AWS Key Management Service
Developer Guide

Tagging Keys

You can add, change, and delete tags for customer managed CMKs. Each tag consists of a tag key and a tag value that you define. For example, the tag key might be "Cost Center" and the tag value might be "87654." You cannot tag AWS managed CMKs.

When you add tags to your AWS resources, AWS generates a cost allocation report with usage and costs aggregated by tags. You can use this feature to track AWS KMS costs for a project, application, or cost center.

For more information about using tags for cost allocation, see Using Cost Allocation Tags in the AWS Billing and Cost Management User Guide. For information about the rules that apply to tag keys and tag values, see User-Defined Tag Restrictions in the AWS Billing and Cost Management User Guide.

Managing CMK Tags (Console)

You can add, edit, and delete tags for your customer managed CMKs in the AWS Management Console. You can add tags to a CMK when you create it and edit them at any time. You cannot edit the tags of CMKs that are pending deletion. For more information, see Editing Keys.

Note

AWS KMS recently introduced a new console that makes it easier for you to organize and manage your KMS resources. It is available in all AWS Regions that AWS KMS supports except for AWS GovCloud (US). We encourage you to try the new AWS KMS console at https://console.aws.amazon.com/kms.

The original console will remain available for a brief period to give you time to familiarize yourself with the new one. To use the original console, choose Encryption Keys in the IAM console or go to https://console.aws.amazon.com/iam/home?#/encryptionKeys. Please share your feedback by choosing Feedback in either console or in the lower-right corner of this page.

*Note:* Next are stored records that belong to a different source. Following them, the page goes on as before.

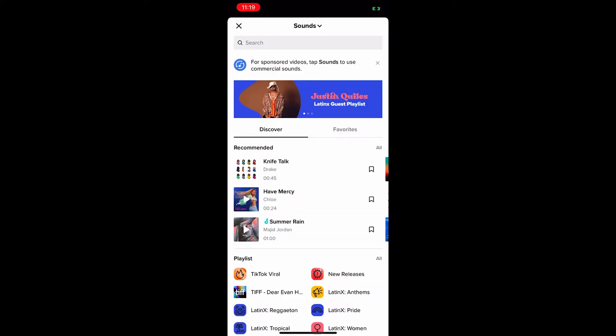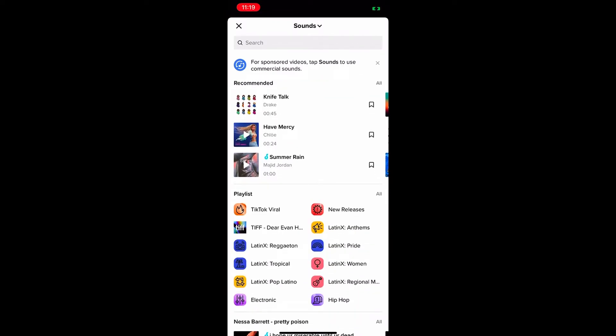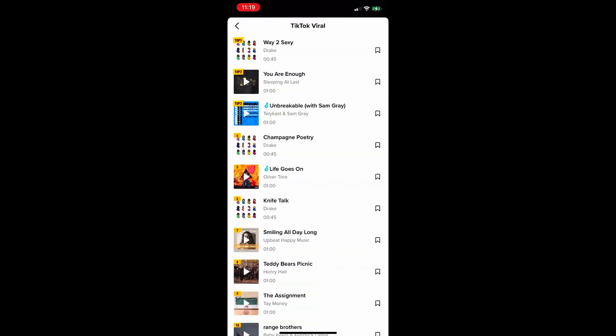First, you want to make sure you're using trending sounds or music. To find what's trending, click on the music icon, scroll down to TikTok viral, and pick the first song that fits your video the best. The closer to the top the better. And if you're jumping in on a trend, make sure you're picking the music that obviously goes with it.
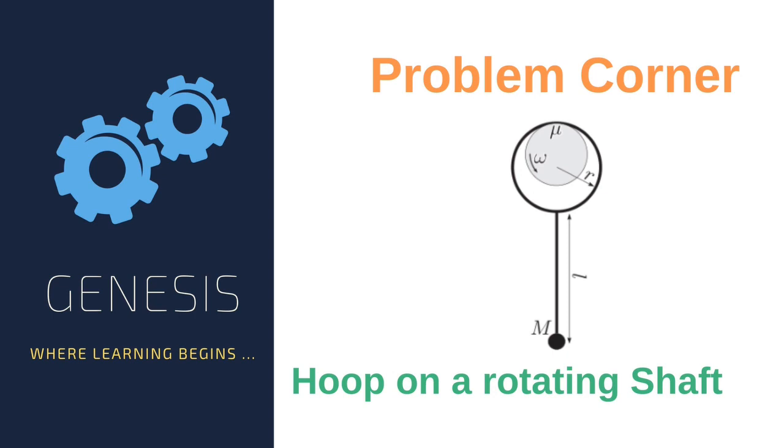Hi there, this is Somin and you are watching the Genesis YouTube channel. Today we will be doing a question from the Jankalda list of Olympiad problems.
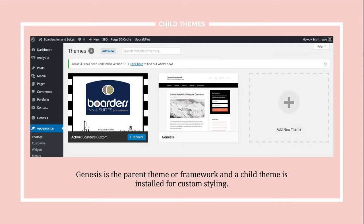This is an example of what it looks like in the backend — I have Genesis installed and then a custom child theme on top of it. If you deactivated the child theme and just activated Genesis, it would use all the styling of the site but go back to plain black and white.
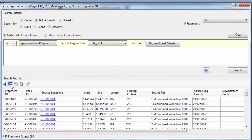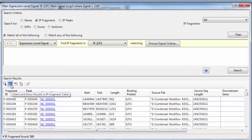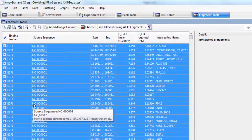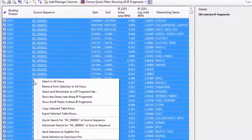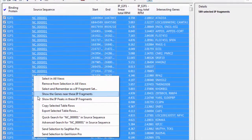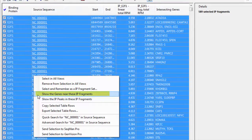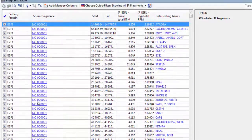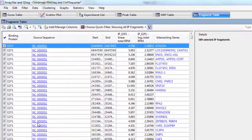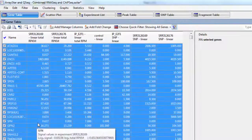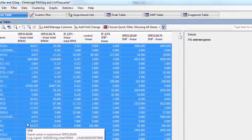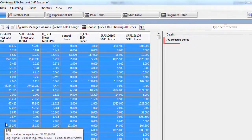I'm going to click this button, which will select the results and show them to me in the fragment table. From here, I'm going to right-click and choose Show the genes near these IP fragments so that I can create a subset of genes near the peaks. That took me to the gene table with 771 genes selected.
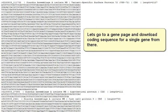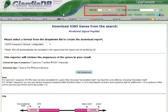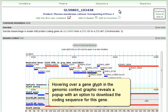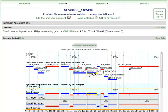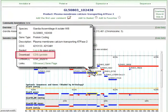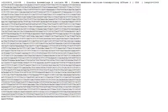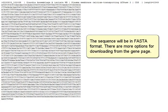Let's go to a gene page and download coding sequence for a single gene from there. Hovering over a gene glyph in the Genomic Context graphic reveals a pop-up with an option to download the coding sequence for this gene. The sequence will be in FASTA format.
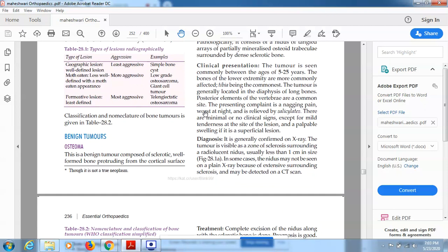Tumors can generally be classified into two types: benign and malignant. A benign tumor is localized to one particular area and will not spread to other parts of the body. A malignant bone tumor originates in one part of the bone and then transmits to other parts and can affect other systems of the body. Benign tumors are the milder form, while malignant tumors are the more severe form.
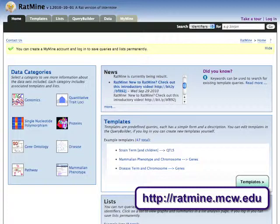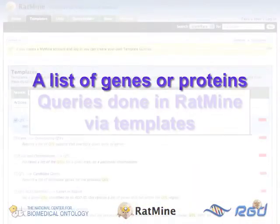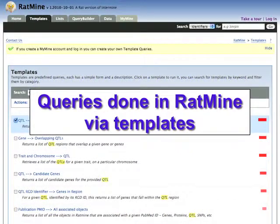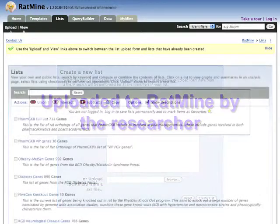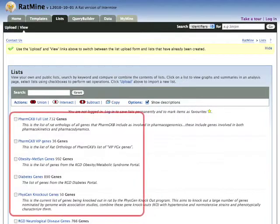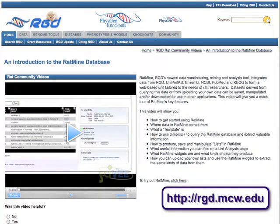Ontology enrichment analyses in RatMine begin with a list of genes or proteins. These can come from queries done in the RatMine tool via the templates, or they can be uploaded to RatMine by the researcher. RatMine also has a number of useful lists already saved and available for use. For information about RatMine in general, check out the Introduction to the RatMine Database video on the RGD website at rgd.mcw.edu.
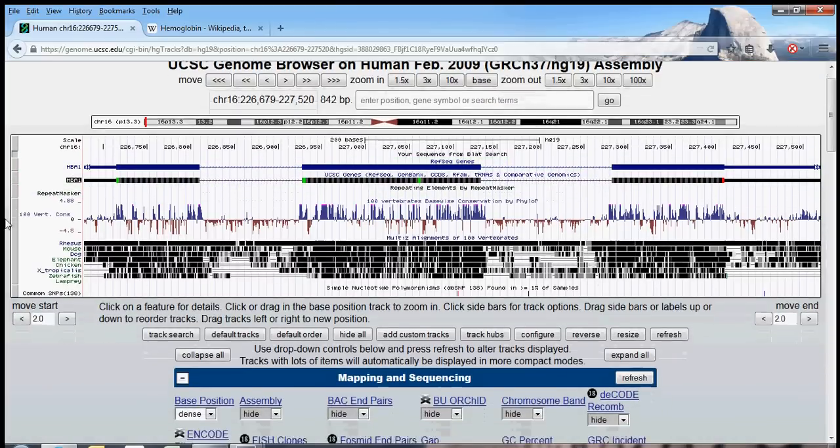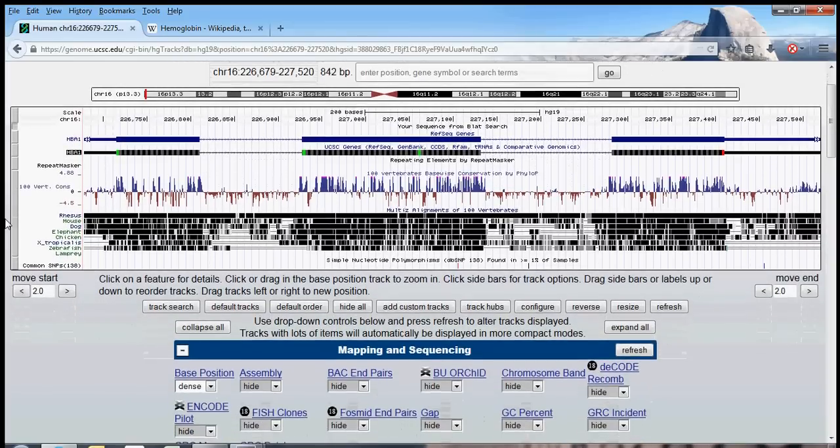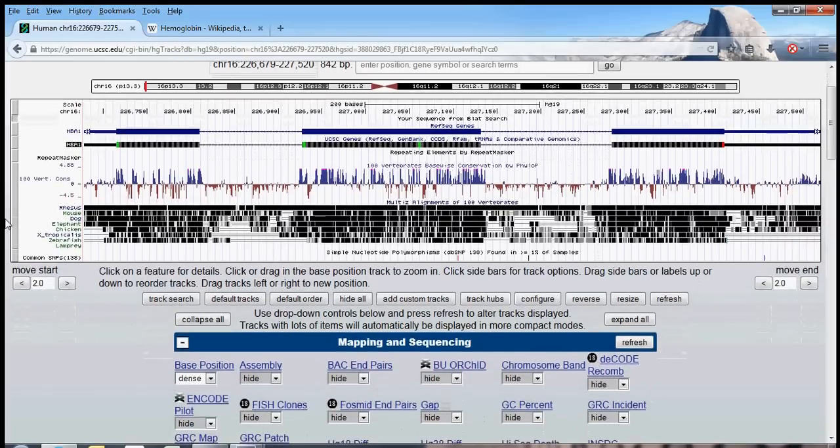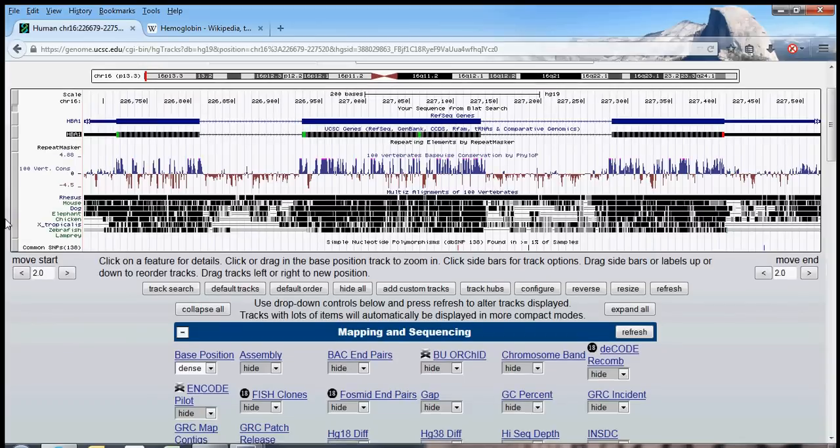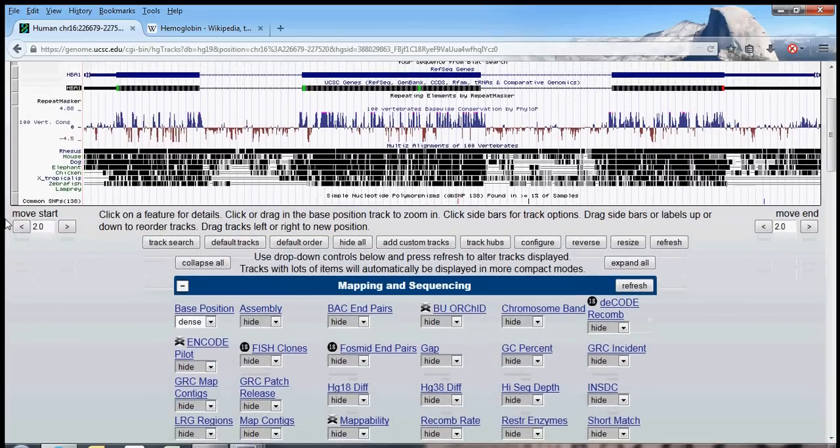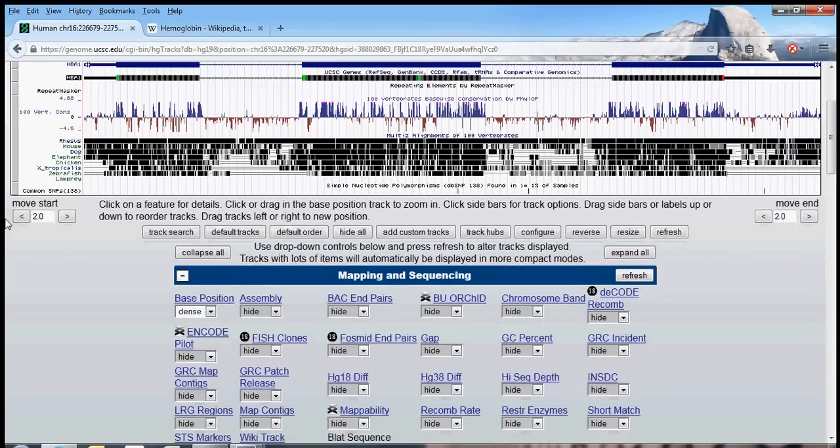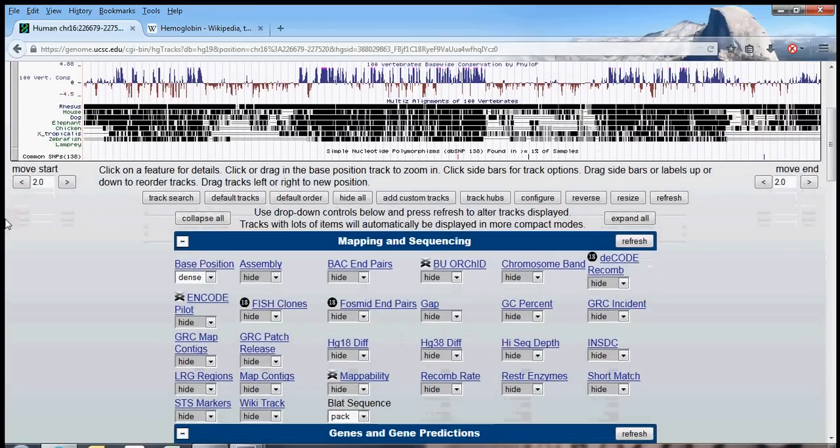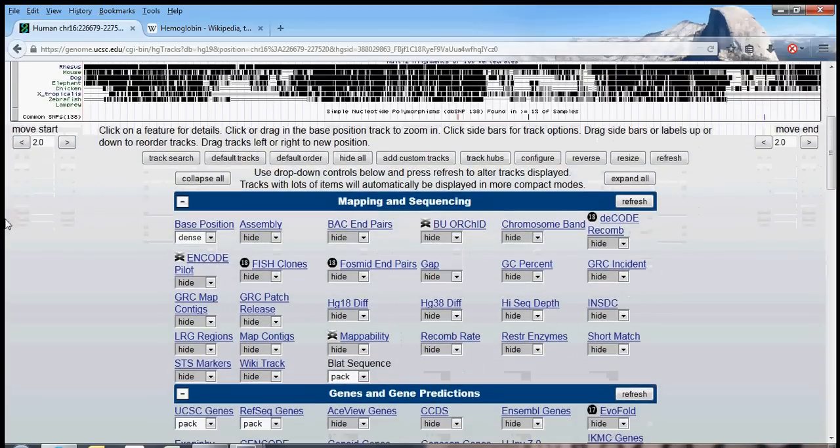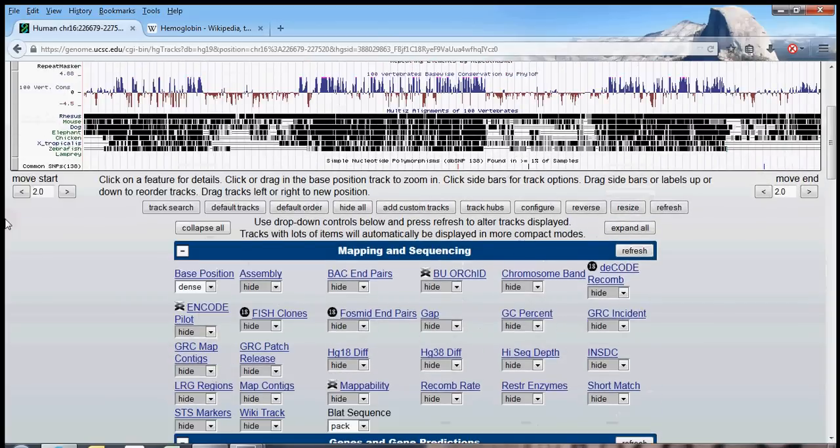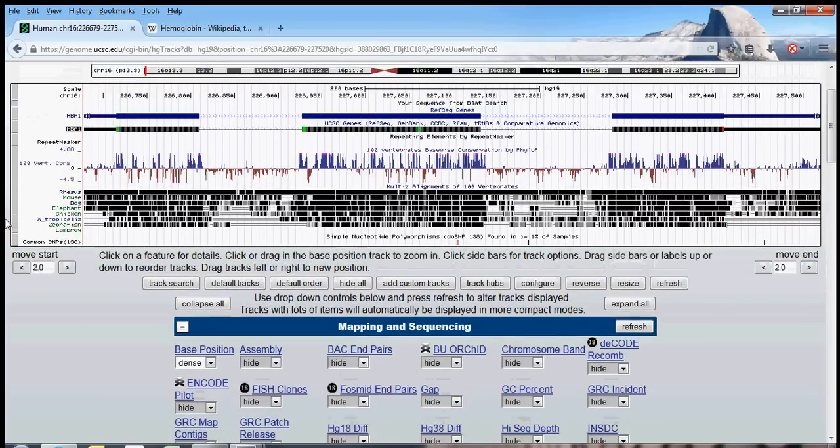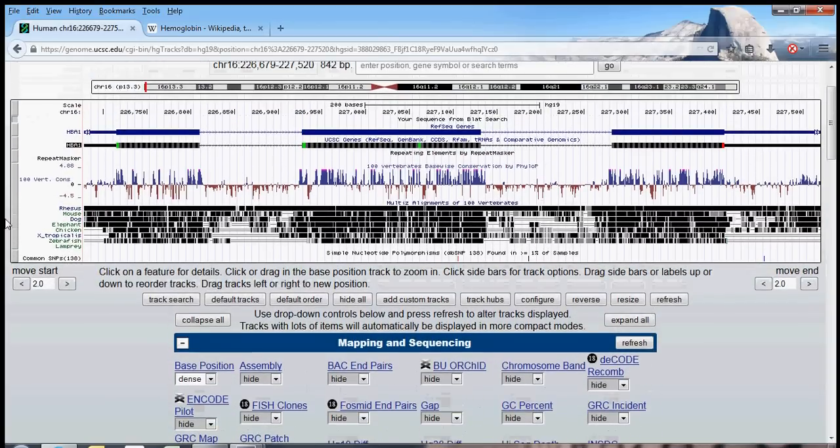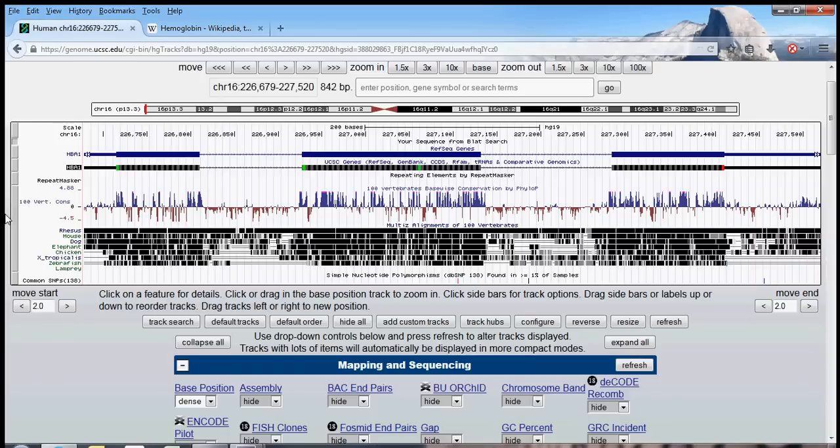Scrolling down, we see that the genome browser offers a truly enormous amount of information. And it's really much, it's too much to cover right now. And honestly, it can look overwhelming. But, in the coming tutorials, we're going to get comfortable with all of this information, and all the amazing things you can do with this research tool.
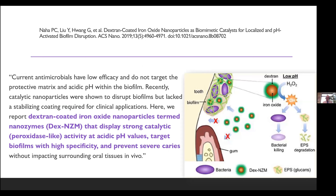Another interesting study looked at dextran-coated nanoparticles of ferric oxide — basically rust nanoparticles. Under acidic conditions in the mouth, they became highly reactive, almost like a peroxidase enzyme, and targeted the biofilm with high specificity. It prevented severe dental caries without affecting surrounding oral tissues. So iron oxide during acidic episodes was very effective at reducing dental caries risk. It's a quite novel approach — not yet available in the United States, but interesting to watch.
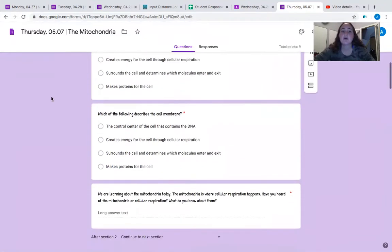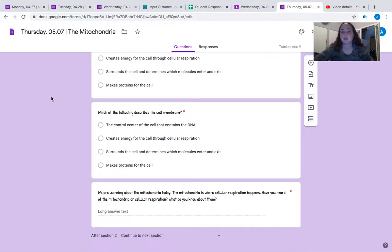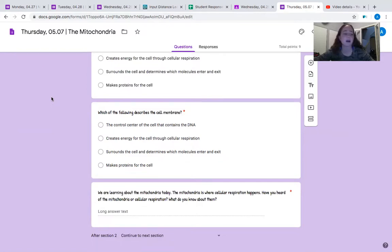Which of the following describes the cell membrane? A: the control center of the cell that contains the DNA — shouldn't have picked that one, we just picked it above. B: creates energy for the cell through cellular respiration. C: surrounds the cell and determines which molecules enter and exit. D: makes proteins for the cell. You should have said C. It surrounds the cell and determines which molecules enter and exit. Remember we said it's like a security guard, like a door, like your skin — it prevents things from coming in that we don't want but allows things in that we need.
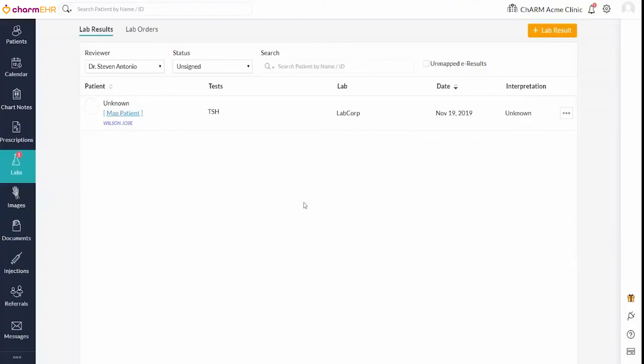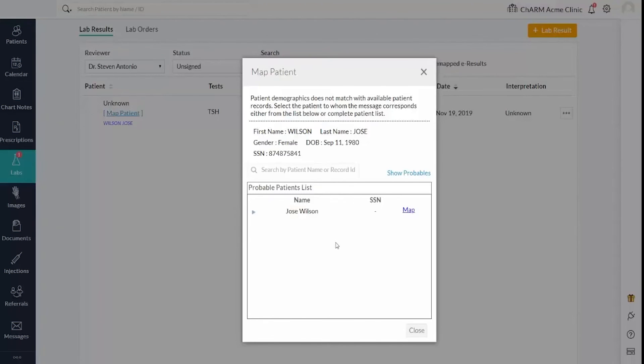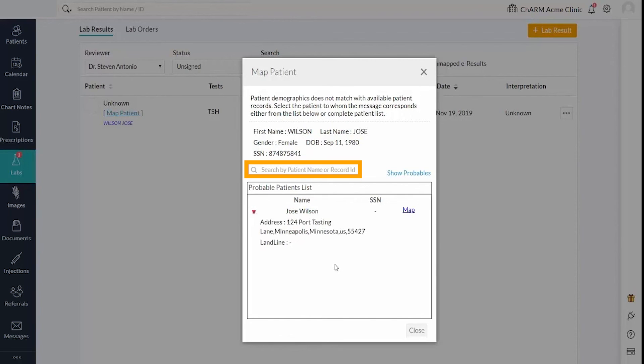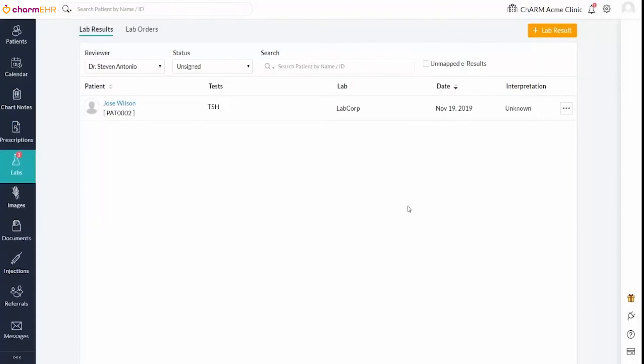The patient can be mapped to this result using the Map Patient option. The Map Patient view displays the patient information received in the result message, as well as the patient details in your account that match the date of birth and gender of the received patient details. If the probable patients list does not have an appropriate patient, use the Search by Patient Name or Record ID field to poll the matching results by name or record ID criteria. Map the appropriate patient to the result. Results can be reviewed after assigning an appropriate patient.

To manage tags for your CMKs (new console)
  1. Sign in to the AWS Management Console and open the AWS Key Management Service (AWS KMS) console at https://console.aws.amazon.com/kms.

  2. To change the AWS Region, use the Region selector in the upper-right corner of the page.

  3. In the navigation pane, choose Customer managed keys. (You cannot manage the tags of an AWS managed CMK.)

  4. Select the check box next to the alias of a CMK.

  5. Choose Key actions, Add or edit tags.

  6. Use the controls to add, edit, or delete tags. The tag name must be unique in the account and region.

  7. To save your changes, choose Save changes.

To manage tags for your CMKs (original console)
  1. Sign in to the AWS Management Console and go to https://console.aws.amazon.com/iam/home?#/encryptionKeys.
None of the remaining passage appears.